◆ WORK INSTRUCTION ◆
Below are the records; give again exactly the lines from the one containing "Kinder Elektro-Zweisitzer-Auto mit" through the one containing "Snapshot of eva_mermaid", leaving out pictures.

◆ INPUT DATA ◆
--- START ---

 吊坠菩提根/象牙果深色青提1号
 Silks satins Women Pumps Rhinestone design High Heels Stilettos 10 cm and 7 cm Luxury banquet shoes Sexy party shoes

--- END ---
--- START ---

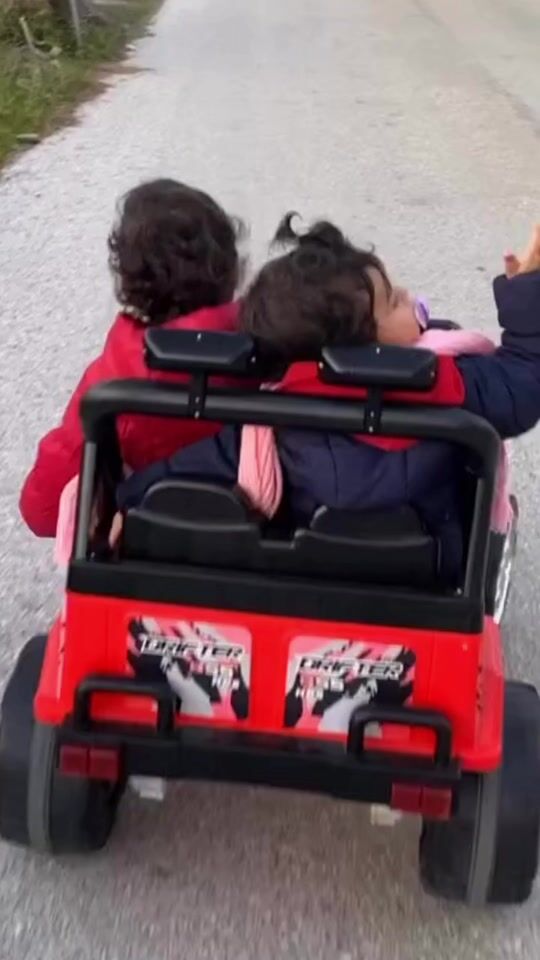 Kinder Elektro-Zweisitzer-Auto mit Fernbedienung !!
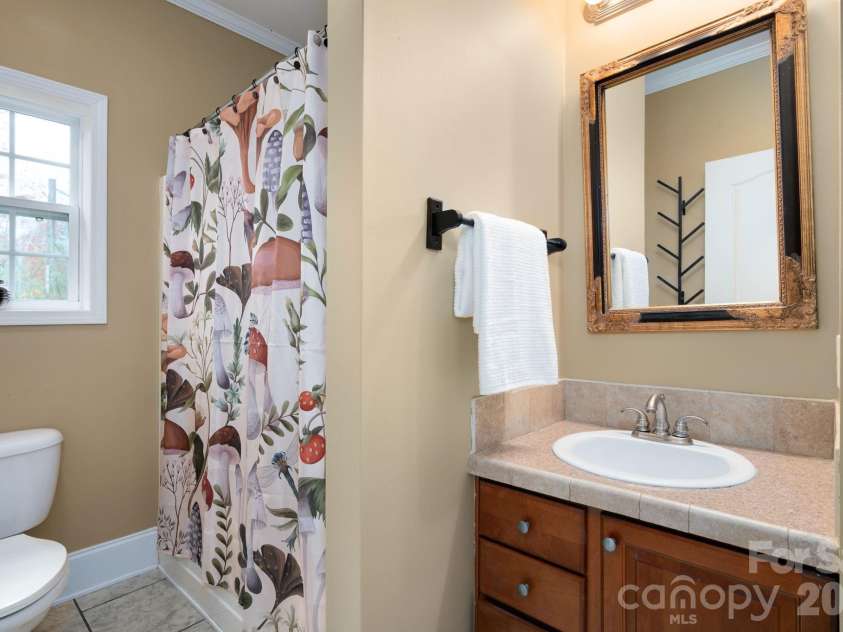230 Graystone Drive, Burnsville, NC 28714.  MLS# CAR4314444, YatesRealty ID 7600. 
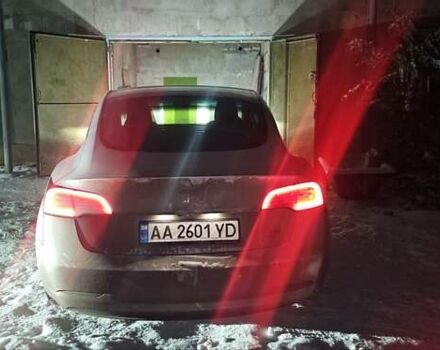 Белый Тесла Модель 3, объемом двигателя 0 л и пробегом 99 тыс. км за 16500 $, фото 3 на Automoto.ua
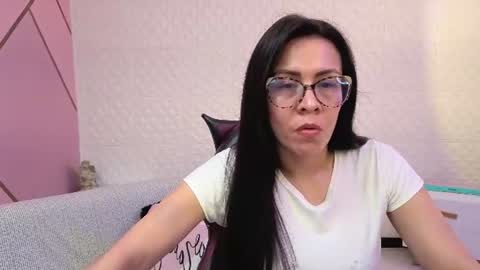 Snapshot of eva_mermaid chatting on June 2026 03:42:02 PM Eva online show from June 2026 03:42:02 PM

--- END ---

◆ ANSWER SECTION ◆
 Kinder Elektro-Zweisitzer-Auto mit Fernbedienung !!
230 Graystone Drive, Burnsville, NC 28714.  MLS# CAR4314444, YatesRealty ID 7600. 
 Белый Тесла Модель 3, объемом двигателя 0 л и пробегом 99 тыс. км за 16500 $, фото 3 на Automoto.ua
 Snapshot of eva_mermaid chatting on June 2026 03:42:02 PM Eva online show from June 2026 03:42:02 PM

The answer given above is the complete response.